Crack down on illegal vacation rentals

This data, along with online listings like Vrbo.com and Airbnb and county GPS data, is being used to complete a cross-referenced database of all transient rentals. Unlicensed lodgings will be notified.

By Meredith M. Griffith

Sounder contributor

San Juan County has created a database of all vacation lodging being advertised in the county to ensure that all units are registered under a state business license, have a county transient lodging permit, and are paying the appropriate state and county sales and lodging taxes. The council is also examining how the proliferation of vacation rentals might be affecting the availability of long-term, affordable housing that supplies the county’s middle working class.

“It began as an issue of parity,”  said San Juan County Councilman Rick Hughes. “I personally support transient lodging as long as people are playing by the rules. Anyone who’s participating in short-term rentals needs to follow the law and be filing and paying lodging and sales taxes.”

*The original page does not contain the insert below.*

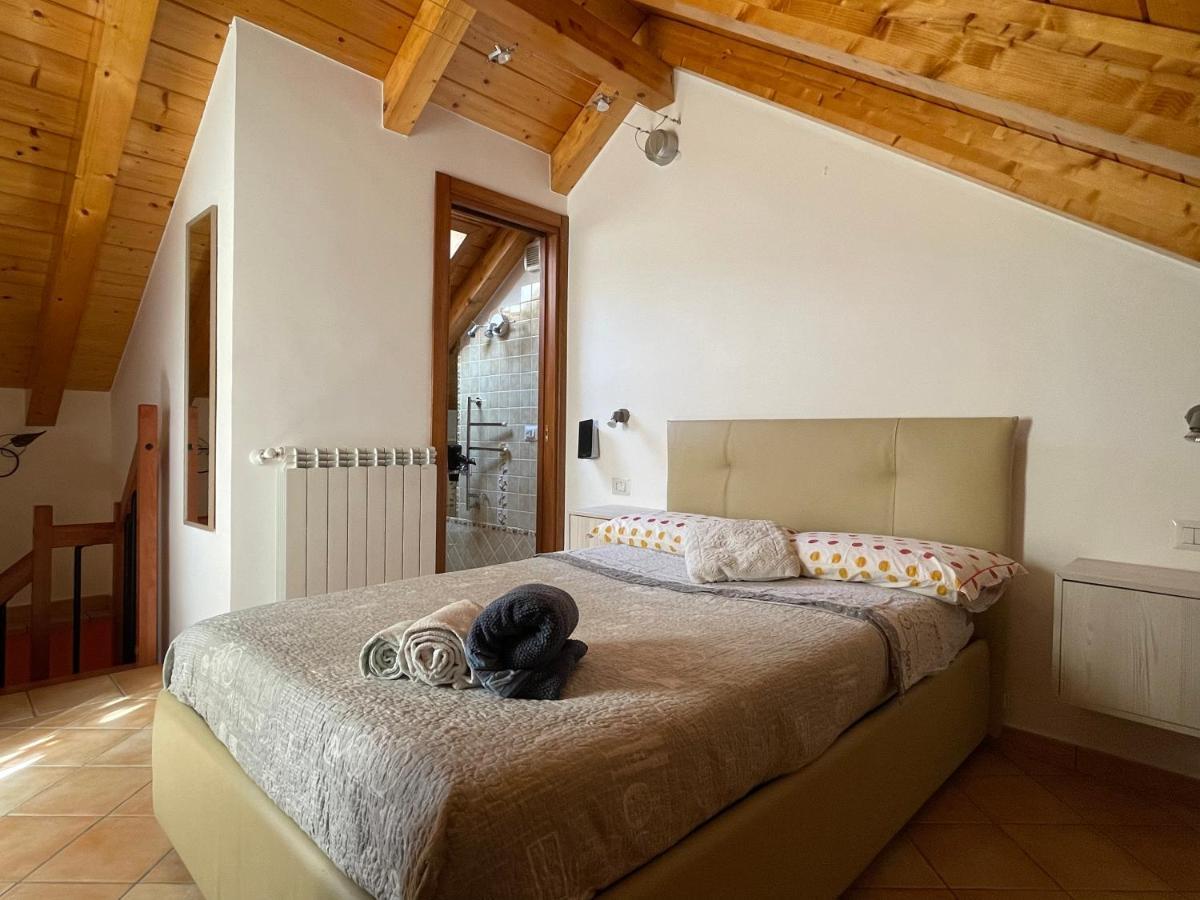 Pianillo A Cammarella Holiday House מראה חיצוני תמונה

Because short-term rental owners who have not been paying taxes have an unfair advantage over those who do comply, this April the county council passed Resolution 12-2015. It requires local visitors’ bureaus and chambers of commerce receiving funding from the county to collect the following information from their lodging members and transient rental listings: a tax parcel number; a transient lodging permit; and a valid state Unified Business Identifier (UBI#).

This data, along with online listings like Vrbo.com and Airbnb and county GPS data, is being used to complete a cross-referenced database of all transient rentals. Unlicensed lodgings will be notified.

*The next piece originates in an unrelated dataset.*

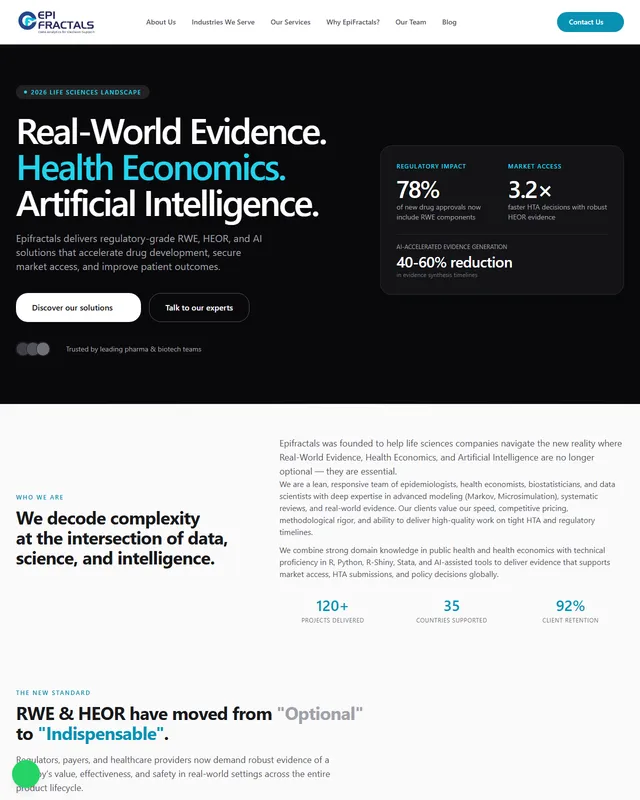 Epifractals website designed by WebSamrat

As the council, county staff and related organizations gathered this data, ”it morphed into another question,” said Hughes. “Are affordable housing units being lost to short-term rentals?”

By law, rentals of less than 30 days require a UBI# and a transient rental permit; longer rental terms require no permits and no license. Anecdotal evidence suggests that local businesses are having a harder time lately finding and keeping good workers, and that long-term working tenants are losing out to the recent conversion of low-cost housing units into higher-profit vacation rentals.

County records show 608 in San Juan County. There is currently no limit on the number of transient rentals allowed in the county, but guest houses outside the urban growth area cannot be used for vacation rental.

The county council asked the Housing Bank Commission to report on whether an increase in vacation rentals is having an impact on affordable housing availability countywide.

“Information from employers and local business suggest that long-term year-round rentals are becoming increasingly hard to find,” stated the June 22 response. “The role that increase in short-term “vacation” rentals plays in this dilemma is not known at this time.”

The commission called the following three affordable housing needs “critical”: affordable home ownership opportunities; affordable long-term rentals; and affordable seasonal worker housing. The report added, “The issue is not limited to residents at or below 80 percent of Area Median Income to which state and Federal funds can be applied. In San Juan County, affordable housing issues affect those up to and beyond 120 percent of AMI.”

The commission recommended further study and suggested some possible strategic solutions: explore incentives for landowners to create long-term affordable rentals, such as density bonuses; add land to the UGA for permanent affordable housing; and identify additional funding opportunities like Community Development Block Grants to increase affordable housing stock.

“There have been a lot of suggestions about what might be done,” said county Affordable Housing Coordinator Melanie Rollins, “but at this point it is at the investigation stage.”